これら各インクジェットヘッド4には、ブラック、イエロー、マゼンタ、シアンの各色のインクを貯蔵するインクタンク5が、それぞれインク供給管6を介して連結されている。つまり、インクタンク5内のインクは、インク供給管6によって各インクジェットヘッド4に供給されるようになっている。すなわち本実施形態においてインクタンク5は、インク供給源に相当する。
本実施形態におけるインク供給管6は、インクタンク5に接続され主走査方向A(水平方向)とは異なる鉛直方向に延びる第1の直線部分と、主走査方向Aに延びる第2の直線部分と、インクジェットヘッド4に接続され主走査方向Aとは異なる鉛直方向に延びる第3の直線部分(図4参照)とで構成され、図示していないが、第1の直線部分と第2の直線部分の接続部は、キャリッジ3の移動に追従できるように円弧状に形成されている。
メンテナンス領域Dには、インクジェットヘッド4に対してメンテナンスを行うメンテナンスユニット7が設けられている。このメンテナンスユニット7には、インクジェットヘッド4の吐出面41Sを覆って、ノズル内のインクを吸引するための複数の吸引キャップ8と、吐出面41Sに付着したインクを拭き取る清掃ブレード9と、インクジェットヘッド4から空吐出されたインクを受けるインク受器10と、吸引ポンプ11と、廃インクタンク12とが設けられている。
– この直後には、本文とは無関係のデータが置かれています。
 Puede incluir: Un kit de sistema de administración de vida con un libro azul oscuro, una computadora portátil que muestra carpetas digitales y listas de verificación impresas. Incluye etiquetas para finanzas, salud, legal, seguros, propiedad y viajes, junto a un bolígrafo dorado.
吸引キャップ8は吸引ポンプ11を介して廃インクタンク12と連通しており、メンテナンス動作時には上昇してインクジェットヘッド4の吐出面41Sを覆うようになっている。吸引キャップ8,8,…は、上述のように上昇した時に全てのインクジェットヘッド4の吐出面41Sを覆うことができるよう、各インクジェットヘッド4に対応するように4個配列されている。
吸引ポンプ11はシリンダーポンプやチューブポンプを有して構成されていて、吸引キャップ8が吐出面41Sを覆った状態で作動することにより、ノズルからインクジェットヘッド4内部のインクを異物とともに吸引するための吸引力を発生するようになっている。
ホームポジション領域Bには、インクジェットヘッド4を保湿する保湿ユニット13が設けられている。保湿ユニット13には、インクジェットヘッド4が待機状態にあるとき、吐出面41Sを覆うことでインクジェットヘッド4のインクを保湿する4個の保湿キャップ14が設けられている。これら4個の保湿キャップ14,14,…は、4個のインクジェットヘッド4の吐出面41Sを同時に覆うことができるよう、インクジェットヘッド4の配列に対応して配列される。
制御部は、CPU(中央演算装置)と、メモリとを有して構成され、インクジェット記録装置1の各構成要素を制御するようになっている。メモリには、記録媒体Pに形成する画像のデータや、インクジェット記録装置1の各構成要素を制御するためのプログラムが記憶されており、このメモリ内の画像データやプログラムに基づいて各構成要素に制御信号を送信するようになっている。
次に、図2、図3を参照して本発明に係るインクジェットヘッド4について説明する。
図2は本実施形態のブラック(K)、イエロー(Y)、マゼンタ(M)、シアン(C)の4色のインクジェットヘッド4のうち、ブラック(K)のインクジェットヘッド4の分解斜視図であり、図3は組み立てた状態の斜視図である。なお、他の色のインクジェットヘッド4についてもそれぞれ同じ構成となっているので、これらの説明については省略する。
本実施形態のインクジェットヘッド4には、インクを吐出する2枚のインクジェットヘッドチップ(以下「ヘッドチップ」と称す。)41が重ねて設けられている。ヘッドチップ41は長尺な外形をしていて、その吐出面41Sには多数のノズル(図示せず)が配列されている。(以下ノズルの配列を「ノズル列」と称す。)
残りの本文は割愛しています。